Acquisition & Manipulation
| # | Check | Result | Detail |
|---|---|---|---|
| E1 | Serial Acquirer FCF | :warning: | FCF after acquisitions negative 2/3 years |
| E2 | Goodwill Surge | :white_check_mark: | Goodwill -4% YoY |
| F1 | Beneish M-Score | :white_check_mark: | -2.36 (clean) |
Key Risks from the 10-K
1. Product Warranty and Recall — $13.6B Liability
Ernst & Young flagged warranty and recall campaign liabilities of $13.6B as a critical audit matter, noting "a high degree of subjectivity in evaluating management's estimates due to the size, uncertainties, and potential volatility." Management's estimates consider "historical claims experience, including the nature, frequency, and average cost of claims of each vehicle line or each model year." A single large recall can swing this liability by billions.

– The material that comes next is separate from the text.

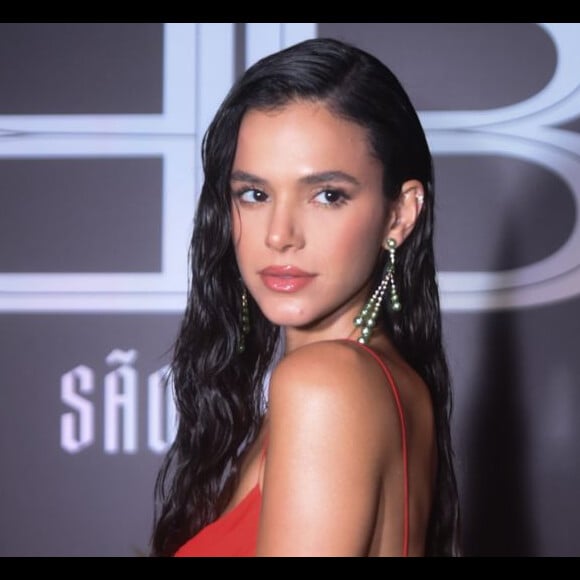 Bruna Marquezine é lembrada em foto de Jakelyne Oliveira e web cita Neymar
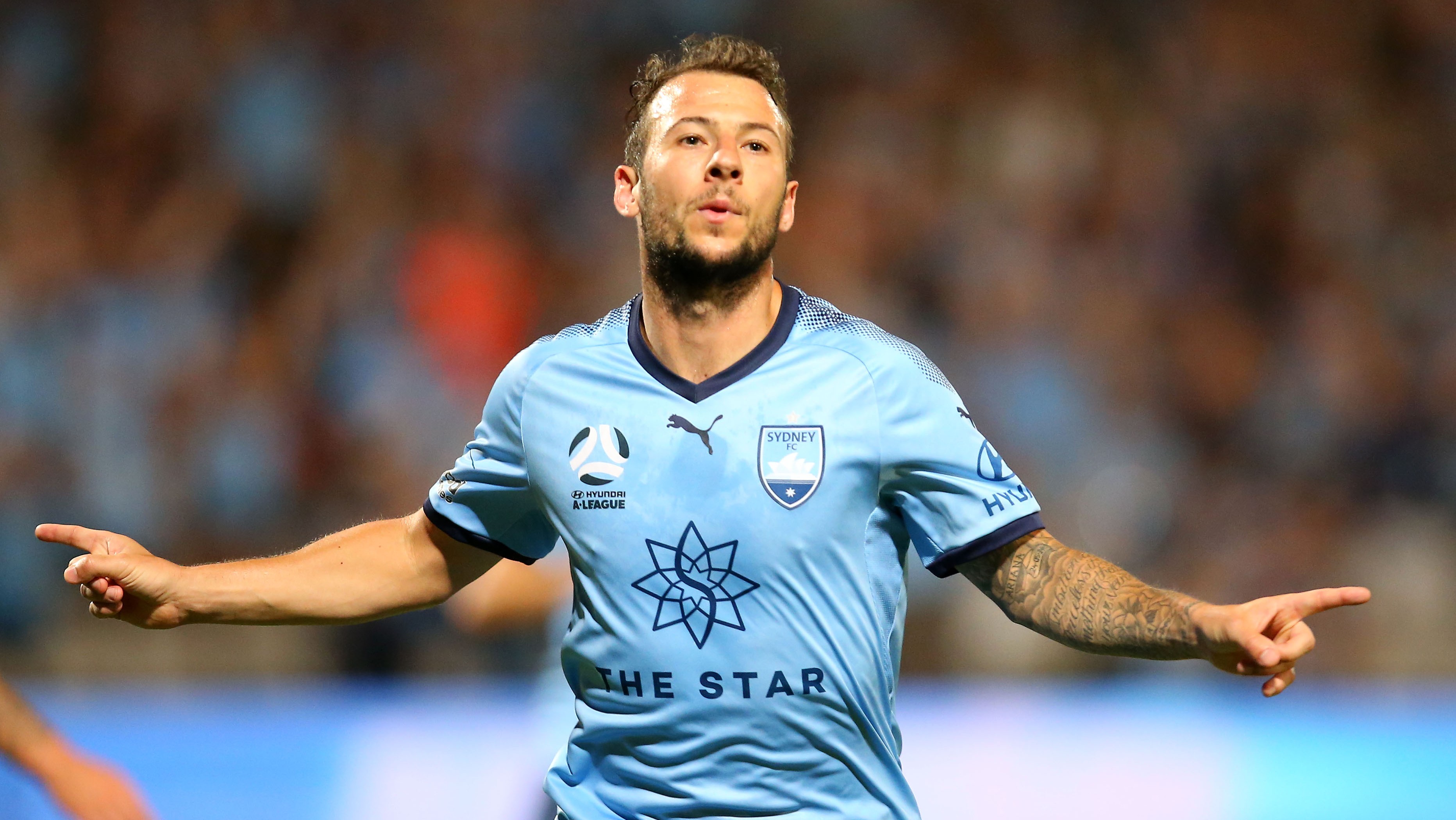 A-League news: Adam Le Fondre double, Andrew Redmayne ...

2. EV Transition Losses and Tariff Capitalization
Like Ford, GM is writing down EV inventory ($1.7B in allowances) and faces ongoing EV transition costs. The filing explicitly states "tariffs, less available offsets and deductions, are capitalized into the cost of inventories as incurred" — meaning tariff costs are being embedded in balance sheet inventory values and will flow through COGS as vehicles are sold.
3. Cruise Autonomous Driving
The filing notes "operating cash flows for Cruise to be insignificant" — a significant admission for a division that has consumed billions in cumulative investment. The uncertain commercial future of autonomous driving technology represents embedded optionality risk.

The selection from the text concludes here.